Only a few months ago, few Nepalese would have believed that not only would the ten-year violent Maoist insurrection, which has claimed 13,000 lives, be suspended but that its shadowy leader Prachanda would be visiting the capital Katmandu for talks about joining the political process.
Suddenly the future for this Himalayan kingdom seems transformed. It is however far too early to be certain of this. The broad-based multiparty government led by premier Girija Prasad Koirala will have a difficult task agreeing with the Maoist rebels the shape of a new constitution and the way in which they can participate in the planned elections. It is worth remembering that Prachanda has led a rebellion on fairly classic communist lines. From his point of view, the violent insurrection has brought him to the next stage — participation in elections — as part of a long-term plan to overthrow the state. He might hope to win sufficient seats to give his people control of key ministries dealing with police or security. He would then try to work from within to undermine the elected government and at the appropriate point seize power.

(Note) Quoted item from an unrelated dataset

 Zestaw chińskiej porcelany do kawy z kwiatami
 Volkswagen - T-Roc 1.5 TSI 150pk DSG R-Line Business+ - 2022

He might reckon the chances of such a strategy to be good, given the past record of Nepal’s divided and venal politicians. It took unpopular emergency rule by King Gyanendra to generate massive popular protest, which in turn threw the rival political parties together in an interim government. Prachanda may be hoping, when the time is right, to exploit their past political differences and again set politicians at each other’s throats. However, for the moment, he is content to see many of his terrorist fighters released from jail and the Nepalese police and army stop counterterror operations against him. He will use the time to regroup his forces and meanwhile do what he can to stymie the growth of a new attempt at democracy.
Yesterday’s talks threw up fundamental differences over the future constitutional role of the monarchy. Prachanda wants the institution abolished. Few ordinary Nepalese or the politicians who represent them would be happy with that. For all the controversy of recent years, culminating in King Gyanendra’s resumption of absolute power in February 2005, the population holds the monarchy in high regard. Indeed some might even argue that it was the King’s “coup” against his ineffective and bickering government, which in the end acted as a catalyst for the very peace process that is now happening.

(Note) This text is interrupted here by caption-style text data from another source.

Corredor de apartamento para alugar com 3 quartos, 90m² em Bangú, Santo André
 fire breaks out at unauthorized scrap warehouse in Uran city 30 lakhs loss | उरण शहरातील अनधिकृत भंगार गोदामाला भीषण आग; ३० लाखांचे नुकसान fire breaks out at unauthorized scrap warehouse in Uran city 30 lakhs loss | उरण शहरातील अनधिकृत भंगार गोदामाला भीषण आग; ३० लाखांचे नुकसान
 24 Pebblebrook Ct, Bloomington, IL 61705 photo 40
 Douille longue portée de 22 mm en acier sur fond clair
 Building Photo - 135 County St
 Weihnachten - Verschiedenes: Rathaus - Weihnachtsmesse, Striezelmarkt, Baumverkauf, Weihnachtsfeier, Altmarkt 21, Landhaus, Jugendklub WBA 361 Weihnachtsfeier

It will be interesting to see how doggedly Prachanda and his Maoists insist the monarchy goes. Will they compromise so that they can win a toehold in government or will they feel it essential to remove the one institution that would assuredly resist them if they made a final bid for power? The risks however are not all with the king and the politicians. Prachanda’s fellow rebels and rural supporters now may be tempted to abandon the revolution and take advantage of a general amnesty to return to society, not least perhaps because doctrinaire Maoism in China these days warmly embraces capitalism.